Below this line is a listing that includes pictures. Copy exactly, and only, the lines from the one containing "image for item" through the one containing "Geschenkbox für muslimische"; the pictures do not go in the copy.

● **Dataset extract**:
*** Begin section ***

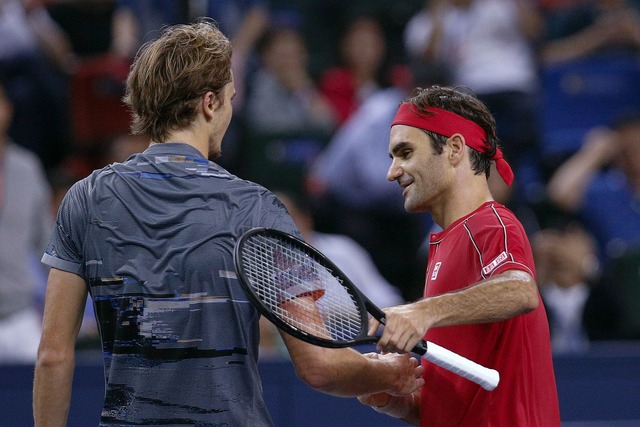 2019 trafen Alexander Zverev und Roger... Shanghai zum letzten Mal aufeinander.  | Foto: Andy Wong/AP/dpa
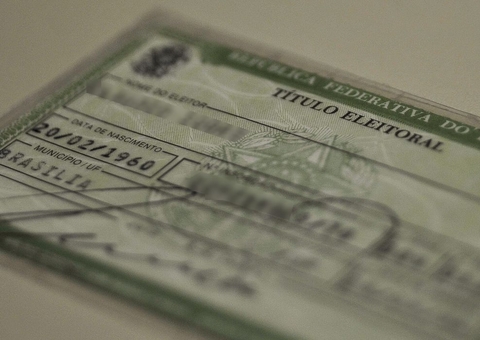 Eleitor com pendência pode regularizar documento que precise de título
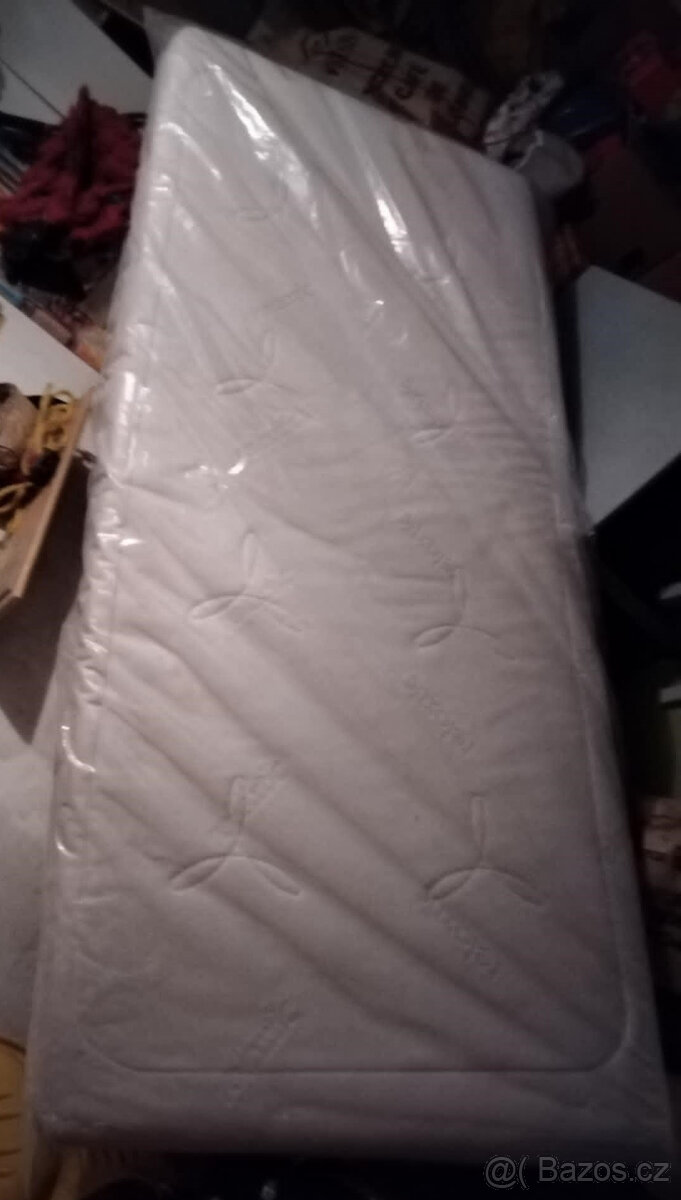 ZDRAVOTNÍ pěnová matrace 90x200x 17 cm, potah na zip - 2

*** End section ***
*** Begin section ***

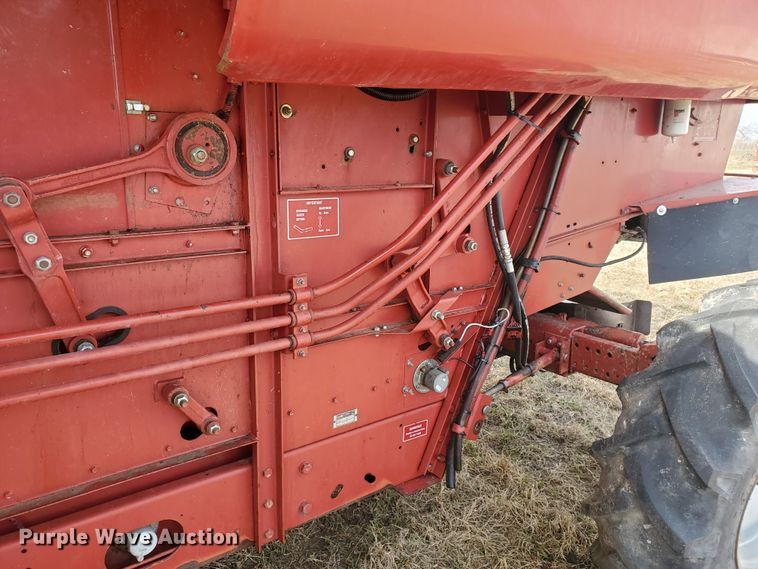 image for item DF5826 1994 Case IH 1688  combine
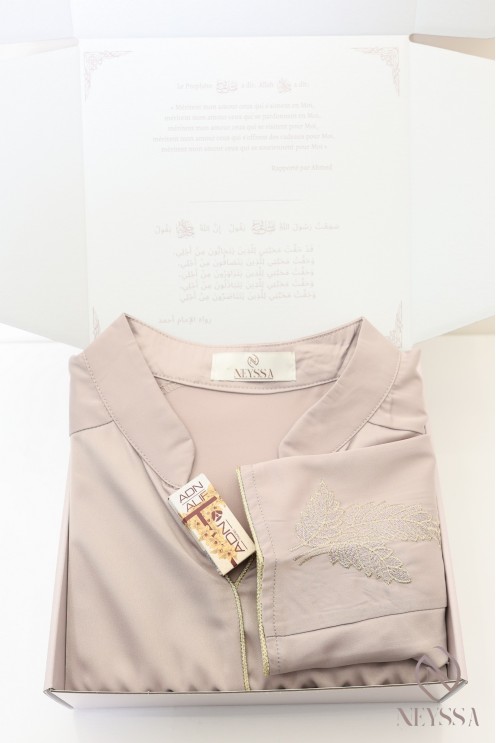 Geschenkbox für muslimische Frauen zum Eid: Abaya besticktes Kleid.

*** End section ***

● **Expected answer**:
 image for item DF5826 1994 Case IH 1688  combine
 Geschenkbox für muslimische Frauen zum Eid: Abaya besticktes Kleid.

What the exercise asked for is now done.